-- Dataset records follows --

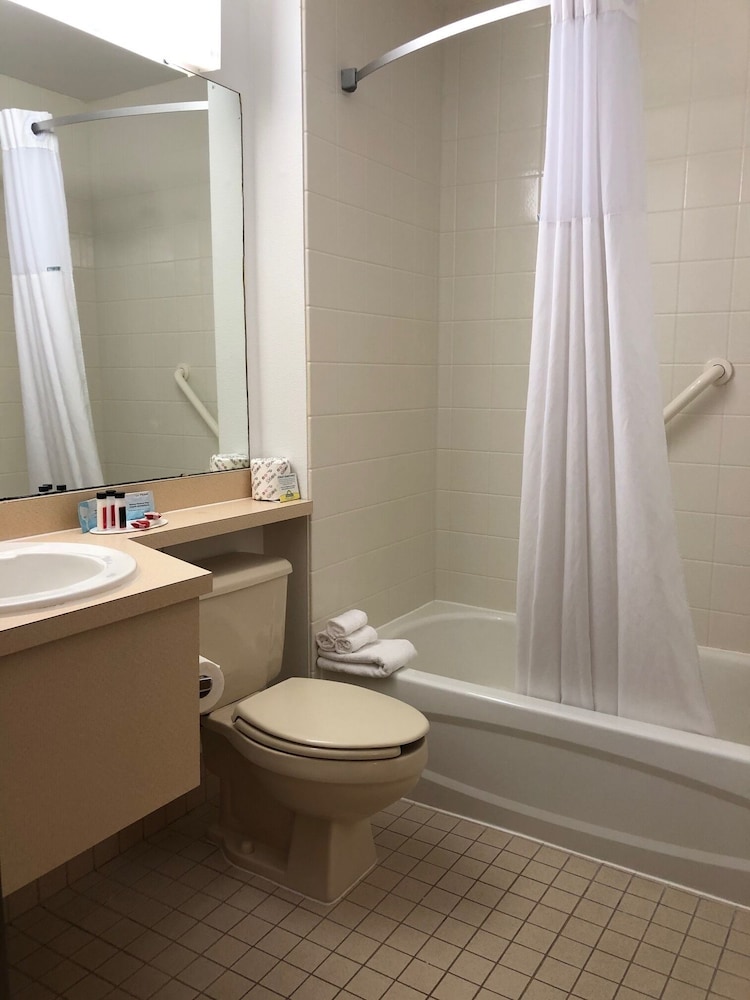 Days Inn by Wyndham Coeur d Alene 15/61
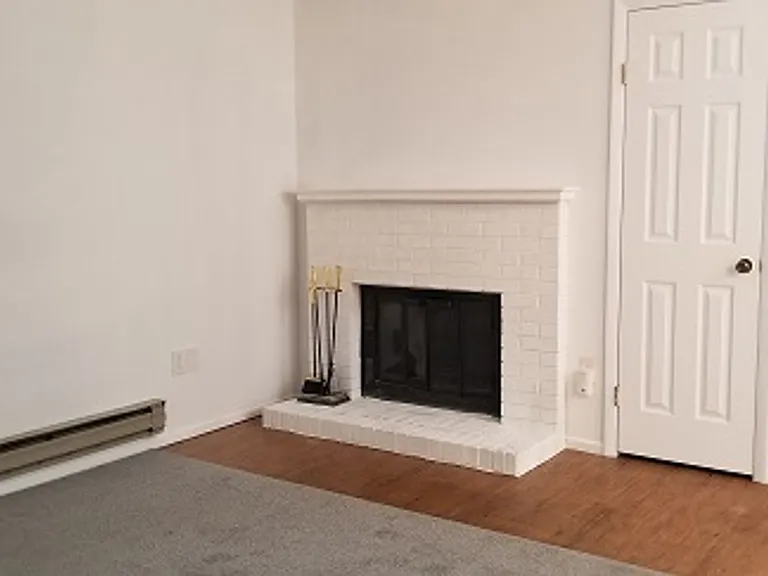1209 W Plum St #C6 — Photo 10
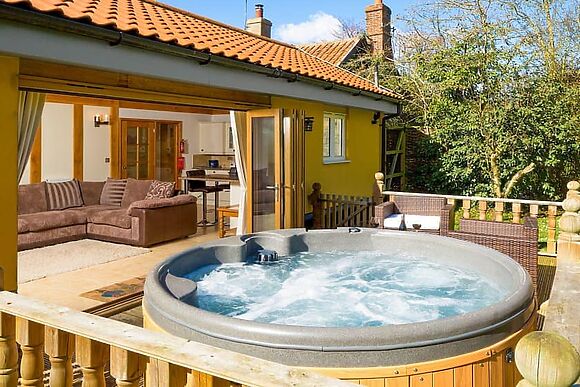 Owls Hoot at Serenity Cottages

-- Dataset records concluded --
-- Dataset records follows --

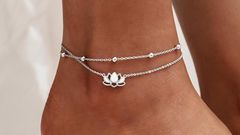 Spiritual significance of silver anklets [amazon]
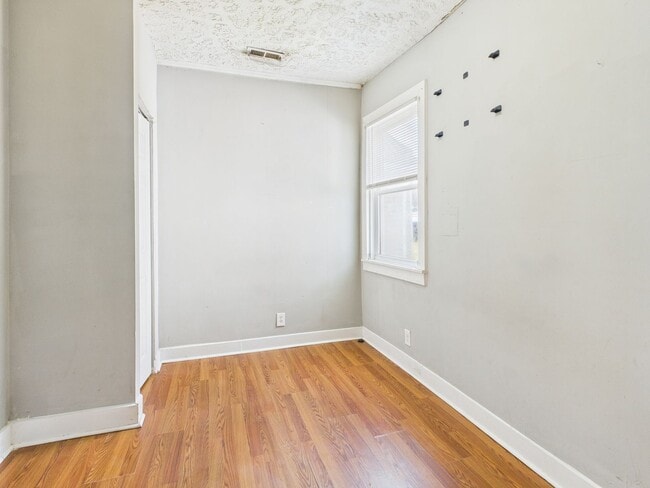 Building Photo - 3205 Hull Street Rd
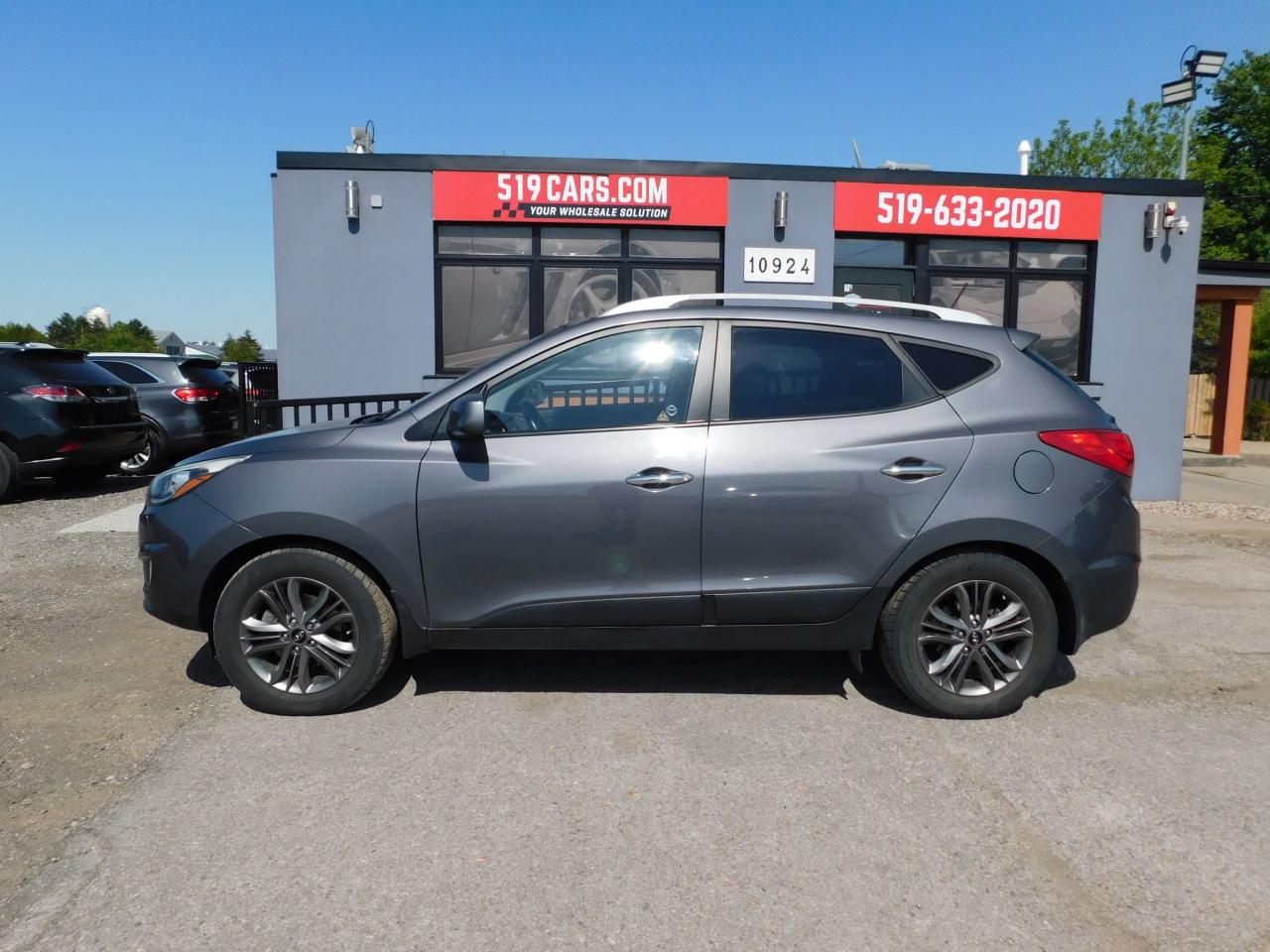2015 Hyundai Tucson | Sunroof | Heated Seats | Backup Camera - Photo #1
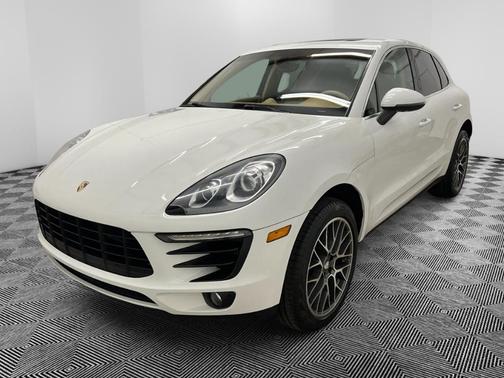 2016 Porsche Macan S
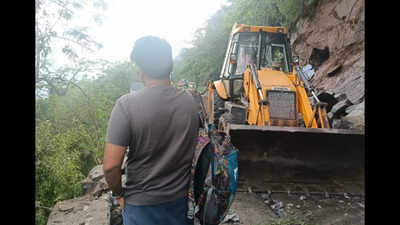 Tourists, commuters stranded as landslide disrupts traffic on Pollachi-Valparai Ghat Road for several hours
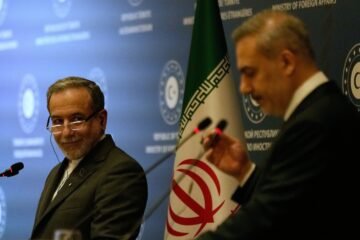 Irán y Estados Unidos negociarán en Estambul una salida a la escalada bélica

-- Dataset records concluded --

- **Your instructions**:
Above are entries with pictures among them. Write out exactly the lines from the one containing "Days Inn by Wyndham Coeur d Alene 15/61" through the one containing "Owls Hoot at Serenity Cottages", ends included, and leave those pictures out.

- **Exercise answer**:
 Days Inn by Wyndham Coeur d Alene 15/61
1209 W Plum St #C6 — Photo 10
 Owls Hoot at Serenity Cottages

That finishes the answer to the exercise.